“Why didn’t you fight in World War II?” In all the years I had known my grandfather, I had never asked him this question. I had always known that he didn’t fight in the war, yet I never knew why he hadn’t. It took the curiosity of my wife to finally ask the question one day. His answer shocked all of us: “My work was deemed too important to the war effort.” Now we were hooked. “What were you working on? What was so important?” He disappointed all of us when his answer came back, “I can’t tell you.”
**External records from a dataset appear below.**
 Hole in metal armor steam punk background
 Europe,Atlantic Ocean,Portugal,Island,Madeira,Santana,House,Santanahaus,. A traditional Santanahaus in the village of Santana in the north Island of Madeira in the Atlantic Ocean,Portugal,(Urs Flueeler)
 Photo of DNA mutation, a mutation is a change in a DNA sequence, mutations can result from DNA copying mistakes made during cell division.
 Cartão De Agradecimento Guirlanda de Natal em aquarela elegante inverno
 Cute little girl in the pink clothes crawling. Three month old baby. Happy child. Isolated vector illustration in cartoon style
Maybe you have been in a conversation with someone who has inside information, and they joke: “I could tell you, but then I’d have to kill you,” as if they were a secret agent. There was no joking in my grandfather’s tone when he repeatedly refused to indulge our curiosity. He finally explained his silence this way: “I signed a document back in those days that said if I ever discussed the nature of my work, I would forfeit both my pension and social security for the rest of my life.” We tried to explain to him that after over 60 years, it was safe to talk about it–that certainly the statue of limitations had run out on that agreement.
I’m certain that a percentage of his reluctance had to do with the financial implications–fear that he would somehow be stripped of his only income. I’m also certain that the larger portion of his silence was due to something else entirely–his commitment to honor a solemn promise, no matter what.
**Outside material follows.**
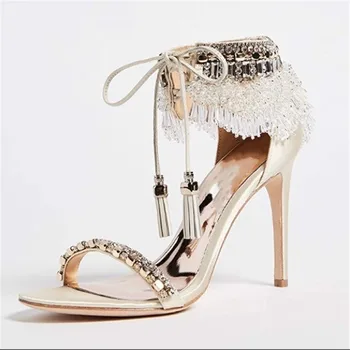 

2019 Luxury Brand Rhinestone Strappy Sandals Crystal Tassel Women Strip Sandals Design Summer High Heels Wedding Shoes Women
Walter Wangerin Jr., in his wonderful book on Marriage, As For Me and My House, describes a marriage covenant, (and in my opinion, any serious promise) in this way:
The covenant’s very purpose is to establish a surety, a bank, a wall, a dike against the dizzy, destructive batterings and evolvements of time . . . As soon as conditions are introduced into the promise, it ceases to be timeless . . . it is no longer a special harbor in the high seas, no longer a promise worth consecrating, but a contract like all others of human society and of no particular comfort.¹
The day my grandfather refused to break a solemn oath he made long ago, he embodied this principle. It didn’t matter that the promise was made long ago. That is the purpose of a promise. It is not subject to the changes of time.
I take two lessons from his example. The first is to make promises carefully. My words and commitments matter, and my promises are understood by others as “a harbor” of safety against the winds of change. No attempt I make to rationalize breaking a promise later on will be able to stand.
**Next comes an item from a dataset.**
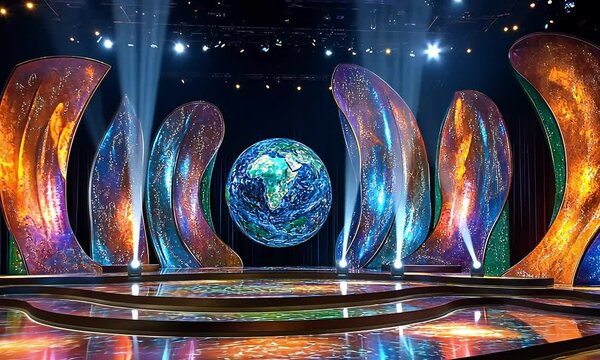 Vibrant stage design with Earth projection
The second lesson I take is that there is one who makes promises and never breaks them. This promise-keeper is the God of Abraham :
Without weakening in his faith, he faced the fact that his body was as good as dead—since he was about a hundred years old—and that Sarah’s womb was also dead.Yet he did not waver through unbelief regarding the promise of God, but was strengthened in his faith and gave glory to God, being fully persuaded that God had power to do what he had promised. –Romans 4:19-21 (NIV)
God promised Abraham that he would be the father of many nations. This promise at the time looked unlikely to be fulfilled, but God did fulfill it, and is still fulfilling it though the power, love and grace of Jesus Christ. My grandfather’s promise was good for over 60 years. That’s impressive. God’s promises are good forever–that is glorious!
Questions to Ponder:
- What promises have you made that serve as a “harbor of safety” for others?
- What causes you to doubt that God has the power to do what he has promised in his Word?
¹Wangerin Jr., Walter (1990). As For Me and My House: Crafting Your Marriage to Last. [Kindle Version] Quoted from the section: The Four Characteristics of the Marriage Contract.